The keystrokes are close to what Chris has in his program:

n

g LOG

2

g LOG

/

Here "n" is a number you key in and "g" is the blue shift key. So g LOG is g followed by the third key from the left in the upper row, marked "10^X". For example, to compute the logarithm base 2 of 16, you would do "16 g LOG 2 g LOG /" and see the answer of 4.000 (in FIX 4) in the display. Chris suggests writing a program if you do this calculation frequently. You would first do "g R/S" to enter program mode, then type Chris's keystrokes, then type "g R/S" again to leave program mode. Once you did that, pressing the 10^X key with user mode set ("f RCL", where f is the gold shift key, will toggle user mode) will run your program. The keystrokes to compute the logarithm base 2 of 16 would then be "16 10^X"

If this all makes sense, and the following *doesn't* make sense, then just ignore the stuff you don't understand.

The program and keystroke solution above would work just as well using the *second* key from the left in the top row, instead of the third. That's because, mathematically, the logarithm to any base of a number, divided by the logarithm to the same base of another number, will produce the logarithm to the second number's base of the first number. English has it's limitations in describing mathematical ideas, so that probably sounds confusing. Symbolically:

log_{B1}**n**

---------- = log_{B2}**n**

log_{B1}**B**_{2}

Good thing I found the subscript function. It helps emphasize that this is a math formula and not a 15C program.

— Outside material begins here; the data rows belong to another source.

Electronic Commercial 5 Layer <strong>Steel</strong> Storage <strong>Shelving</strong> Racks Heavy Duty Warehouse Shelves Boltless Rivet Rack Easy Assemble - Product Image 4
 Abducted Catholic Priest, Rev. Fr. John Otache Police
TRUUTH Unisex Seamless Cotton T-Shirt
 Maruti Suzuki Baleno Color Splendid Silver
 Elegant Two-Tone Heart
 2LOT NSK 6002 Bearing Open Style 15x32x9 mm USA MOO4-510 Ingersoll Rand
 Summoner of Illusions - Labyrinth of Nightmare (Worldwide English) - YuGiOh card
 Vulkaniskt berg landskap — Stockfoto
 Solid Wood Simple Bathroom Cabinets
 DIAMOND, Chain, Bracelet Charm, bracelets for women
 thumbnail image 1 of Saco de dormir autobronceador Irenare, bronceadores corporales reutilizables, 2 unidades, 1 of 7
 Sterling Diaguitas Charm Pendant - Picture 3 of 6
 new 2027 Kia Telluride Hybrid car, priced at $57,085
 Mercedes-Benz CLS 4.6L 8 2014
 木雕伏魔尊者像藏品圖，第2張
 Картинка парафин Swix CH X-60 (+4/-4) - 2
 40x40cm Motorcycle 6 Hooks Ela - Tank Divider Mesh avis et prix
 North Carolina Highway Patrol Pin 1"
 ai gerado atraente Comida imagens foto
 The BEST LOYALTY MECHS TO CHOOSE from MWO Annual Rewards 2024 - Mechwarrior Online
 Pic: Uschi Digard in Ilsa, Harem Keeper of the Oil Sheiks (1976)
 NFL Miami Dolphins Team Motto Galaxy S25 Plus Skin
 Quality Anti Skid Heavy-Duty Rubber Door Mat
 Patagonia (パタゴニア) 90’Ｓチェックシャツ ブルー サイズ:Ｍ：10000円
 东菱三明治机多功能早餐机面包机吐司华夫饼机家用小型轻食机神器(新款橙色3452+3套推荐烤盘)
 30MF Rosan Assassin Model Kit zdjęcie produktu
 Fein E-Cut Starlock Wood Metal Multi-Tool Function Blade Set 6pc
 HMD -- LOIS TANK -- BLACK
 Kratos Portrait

So in the first case, the third key from the left (blue shifted) is the logarithm base 10, so B_{1} is ten. But you could use the (blue shifted) *second* key from the left just as well, because that's the logarithm base *e*, where *e* is a magic number that is useful in many areas of math. So B_{1} in that case is *e*. But everything works because you use the same base in both logarithms, and that matches the formula.

Hope that helped.

*Edited: 9 Aug 2005, 3:15 p.m. *